Comment by tipiirai

1 day ago

Flutter fundamentally misunderstands web standards and separation of concerns. It imposes a custom rendering engine and widget system on top of the web platform, creating another layer of abstraction rather than leveraging native browser capabilities.

The web already has a powerful "canvas for any screen" - it's called HTML and CSS. Modern features like container queries, CSS grid, and view transitions provide sophisticated responsive capabilities without fighting against web standards.

Flutter's approach is precisely what we need to move away from - trying to solve web development challenges by building on top of the platform rather than understanding its inherent strengths.
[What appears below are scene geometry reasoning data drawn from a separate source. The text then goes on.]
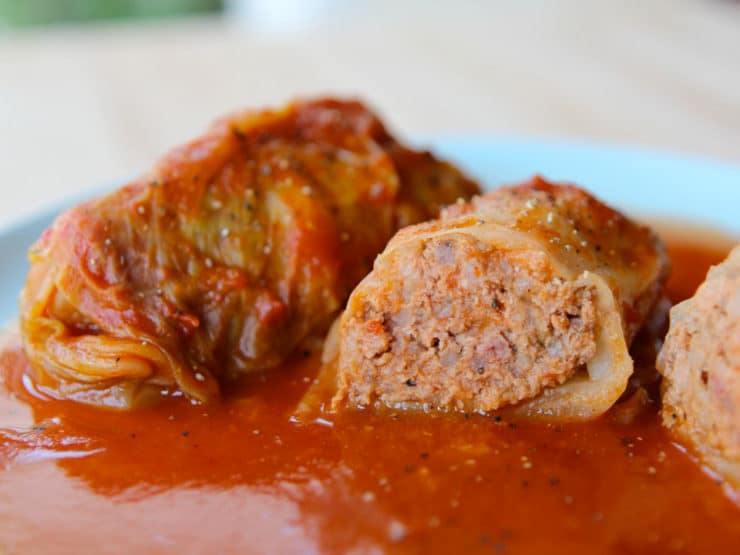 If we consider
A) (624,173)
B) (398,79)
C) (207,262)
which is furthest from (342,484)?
(398,79)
True standards-first development means embracing HTML's semantic structure, CSS's systematic design capabilities, and JavaScript's proper role in progressive enhancement.

Creating better interfaces doesn't require new abstractions. It requires deeper understanding of web standards and systematic design principles.

So how do you write a mobile app with HTML and CSS? Or a TV app? Or a car app? Or a watch app? Or a VR app?

The “one simple standard” falls apart when you need multiple platforms.

And honestly the document and document styling model wouldn’t work very well for these platforms.

Everything from “center a div” to “pinterest style masonry grid” is 100x easier in flutter.

Also, flutter is not “another abstraction” on top of web. The widgets don’t map to DOM elements at all. It is a completely orthogonal approach. All of the other web frameworks are indeed abstractions, but flutter is not.

Just curious, have you used flutter before? My impression is that you would like it because there is actually less abstraction. A widget just represents a paintable object on a canvas without any more indirection than you give it.